Bookmark this post Club 9, Vols. 1-3By Makoto Kobayashi
How much do I love Club 9? So much! How bummed out am I that the last few chapters were never collected into a graphic novel? So bummed! This is kind of my own version of Shaenon’s Overlooked Manga Festival (which you should totally read). Club 9 might be a title that time forgot. A coworker of mine was reading this on the subway once and I was shocked that it was a Dark Horse title I had never heard of. It turns out Club 9 was brought to our shores long ago by Studio Proteus, and published in the now-defunct anthology Super Manga Blast. I feel bad for Super Manga Blast in the same way I feel bad for Viz’s Pulp magazine - both were just slightly ahead of their time.

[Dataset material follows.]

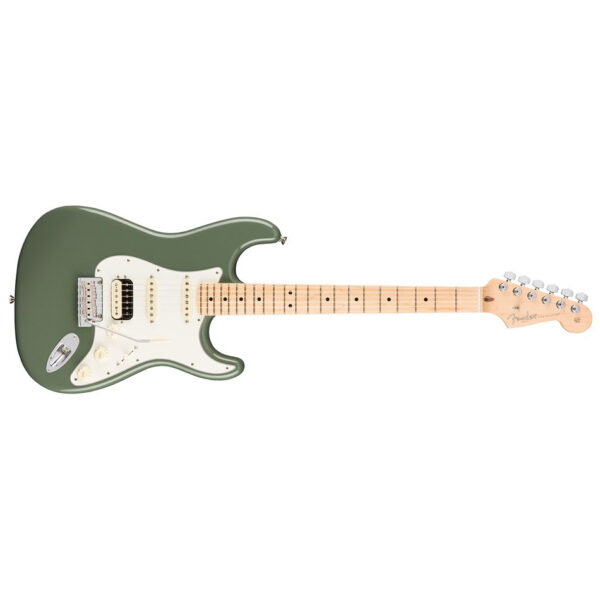 Fender American Professional Stratocaster HSS Shawbucker – Antique Olive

Club 9 is the unlikely story of Haruo Hattori, a hottie idiot virgin hick of Li’l Abner proportions. Most importantly, Haruo is “pure hearted” - a strange Japanese concept that I am only now beginning to understand. Nothing is more valuable in Japan - even a 1980’s bubble economy Japan - than a pure-hearted virgin, but I’m getting ahead of myself. Haruo graduates from high school somewhere in the backwaters of the Akita prefecture and heads off to college in Tokyo to fill her head with book learnin’. Her high school boyfriend Kingoro lead the school baseball team to a miraculous victory at Koshien, (the World Series of high school baseball). Kingoro has been passed over for the baseball draft as the story opens, crushing his hopes of being in the big leagues and moving to Tokyo. Haruo moves to Tokyo by herself, vowing to remain a virgin for Kingoro. Unfortunately Haruo’s dorm room is haunted by a disgusting masturbating ghost (a nerd ghost who died a virgin). In order to afford to live in Tokyo on her own, Haruo gets a job at the same bar where a college friend works. Haruo is too innocent and too “country” to know anything about hostess clubs, and thus, she unwittingly becomes a hostess. Club 9 is hysterically funny and charming, but it’s a bit of a hard sell. First of all, the dialog is written in hardcore dialect - the type that people reading old-timey strips from the ’40’s (the Comics Journal crowd?) might be used to. This is basically how Haruo talks through most of volume one:
“Heba” as explained in a translation note on the first page, is provinicial dialect for “Hello,” “Good-bye,” “Howdy,” and “Aloha” all rolled into one. Haruo says it a lot. The Japanese title of this book is “Heba! Hello-chan,” since Haruo’s working name is “Miss Hello”. Here’s another example of dialog from volume one:
Yes, pig-biting. There are enough apostrophes in volume one to stretch back and forth the moon several times. My spell checker is exploding as I type this. I can only imagine what the original Japanese must have been like to inspire such colorful dialog! By volumes two and three the regional dialect is toned down, unless Haruo is talking to someone from her hometown.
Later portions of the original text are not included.